The appellant said it was a passive investor in land and acquired the land together with the forest as an investment. It also argued that the company it sold the land to was then given the right to use the property and the forest; and was therefore carrying on the forestry (farming) operations and was using it without paying, the benefit for ABC being that its asset (forest) was maintained, and thus the profit being capital in nature, was subject to capital gains tax and not company tax.
But SARS said ABC was conducting farming operations and appointed the acquiring company (E) to do so on its behalf based on the following:
• The purchase agreement indicated that ABC acquired a business from D in 2001;
• The sale agreement indicated that ABC sold a business to E in 2003;
• A board resolution indicated that ABC transferred a going concern and income earning activity to E; and
• An invoice, which was explained as a bonus for good stewardship, indicated that ABC paid E a management fee.
The judge referred to a case in the Natal Special Court in 1972, where the following was held: “The court’s function is to determine, on an objective overview of all the relevant facts and circumstances, what the motive, purpose and intention of the taxpayer were. In other words, whatever a taxpayer may tell the court has to be analysed through the prism of the objective facts presented”.
SizweNtsalubaGobodo head of taxation services Zweli Mabhoza says: “The test to be applied when it is necessary to determine whether profit made on the sale of property by a taxpayer represents revenue or a receipt of a capital nature has been formulated in many ways, but so far the general approach to the problem has been maintained.
“The fundamental inquiry is whether, in buying and selling the property and thus earning the profit which is the subject of the inquiry, the taxpayer was engaged in carrying on a trade or business or a profit-making scheme.
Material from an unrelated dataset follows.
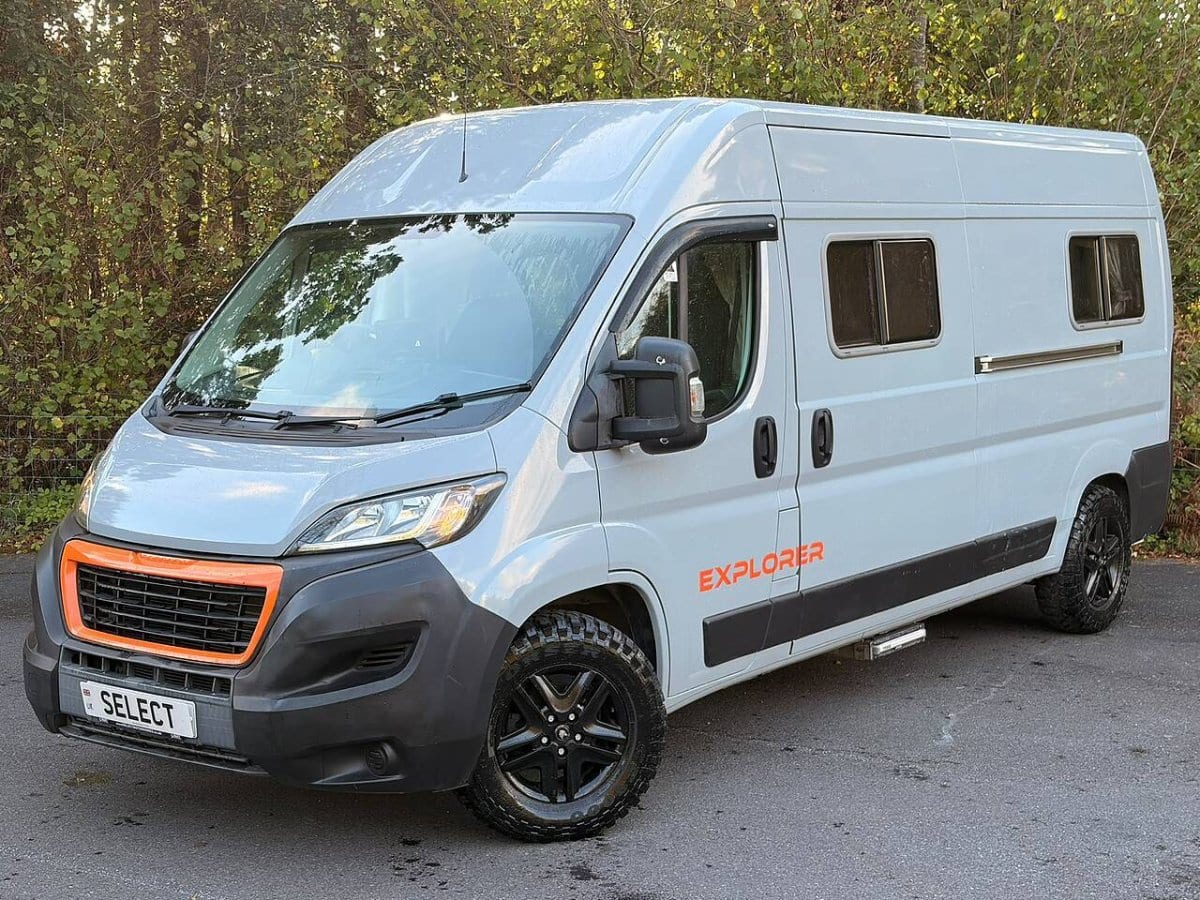 Peugeot Boxer - image 1 of 28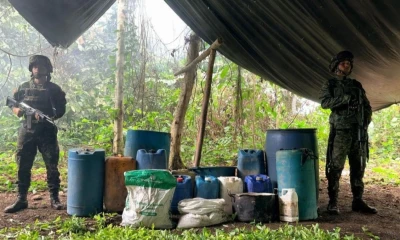 Las autoridades incineraron más de 11,000 galones de precursores líquidos y 1.5 toneladas de insumos sólidos / Foto: cortesía Ejército de Colombia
If that is what he was doing, the profits are income and taxable in his hands.”
Based on the signed documentation, which differed from the evidence of the witnesses, the judge concluded that ABC was in fact carrying on farming operations and the proceeds fell within the ambit of the Income Tax Act.
“This judgment is a useful reminder of the importance of considering the detail of any agreement or other document relating to a transaction from a tax perspective,” Mr Mabhoza says.
“Not even an opinion obtained from a tax adviser would be enough to protect the taxpayer from legal recourse, if the discussions are in the boardroom. A related aspect is to ensure that agreements and related documents reflect any tax advice obtained accurately.
“Not doing so is likely to lead to a tax predicament.”
In December last year another tax case involved a taxpayer’s sponsor who did not provide an invoice for a noncash transaction. Tax authorities argued that the taxpayer was liable for value added tax on the noncash element of the sponsorship received.
Attempts by the taxpayer to argue that it did not receive invoices for sponsorship were in vain.
“The wording in the annual financial statements and lack of invoice by sponsors of another taxpayer resulted in unintended negative tax consequences,” Mr Mabhoza says.
“For this reason, companies in South Africa should consider the need for tax directors on their board to ensure this will not happen.”